§ Your instructions: Copy out the listing that follows exactly, dropping every picture.

§ Collected data:
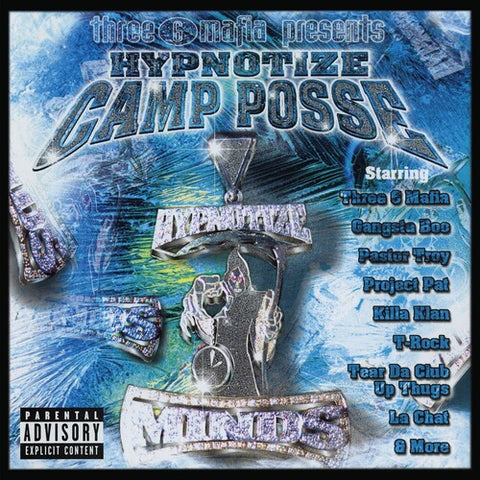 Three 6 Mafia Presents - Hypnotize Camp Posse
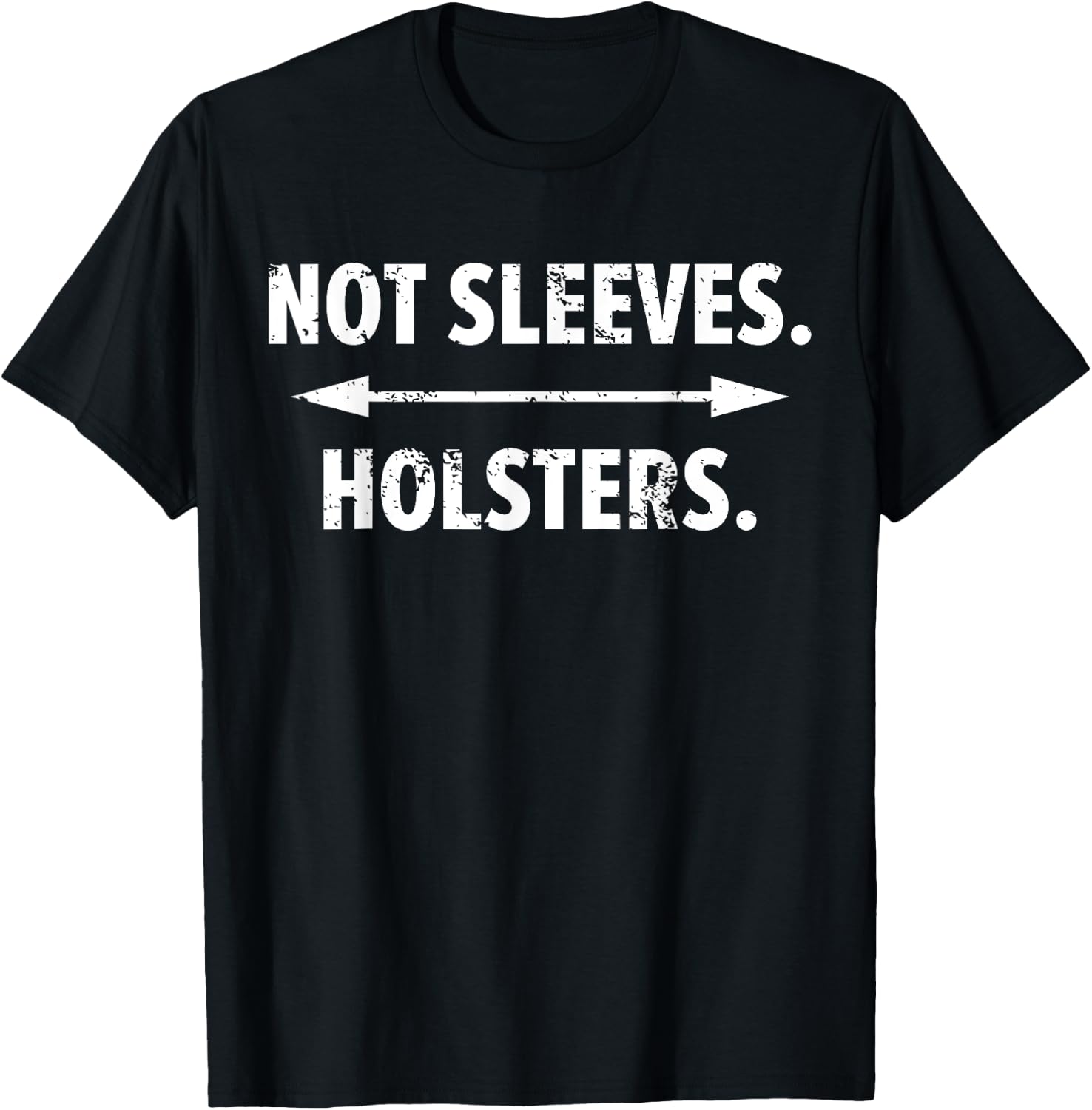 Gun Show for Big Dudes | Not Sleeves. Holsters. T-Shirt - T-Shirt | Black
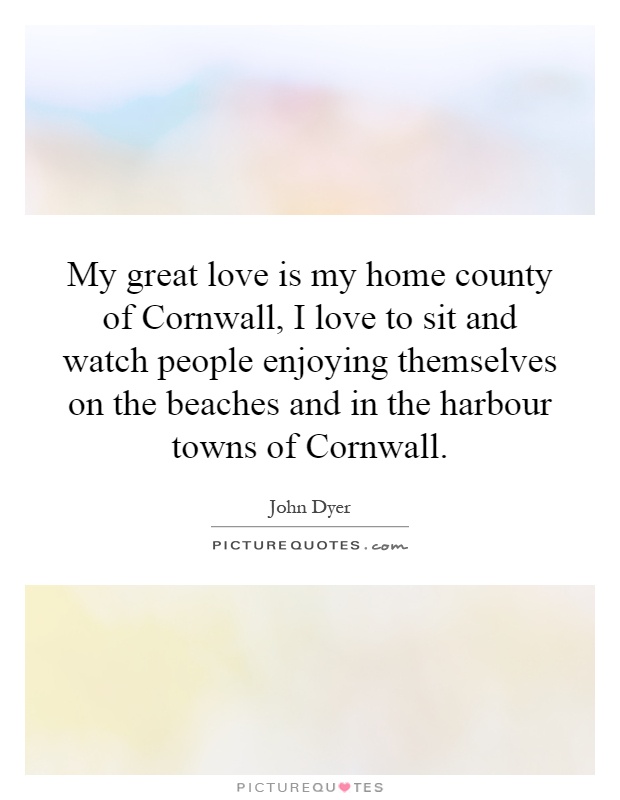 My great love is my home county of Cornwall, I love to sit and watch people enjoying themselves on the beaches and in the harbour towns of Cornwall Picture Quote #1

§ Reply to the task:
 Three 6 Mafia Presents - Hypnotize Camp Posse
 Gun Show for Big Dudes | Not Sleeves. Holsters. T-Shirt - T-Shirt | Black
 My great love is my home county of Cornwall, I love to sit and watch people enjoying themselves on the beaches and in the harbour towns of Cornwall Picture Quote #1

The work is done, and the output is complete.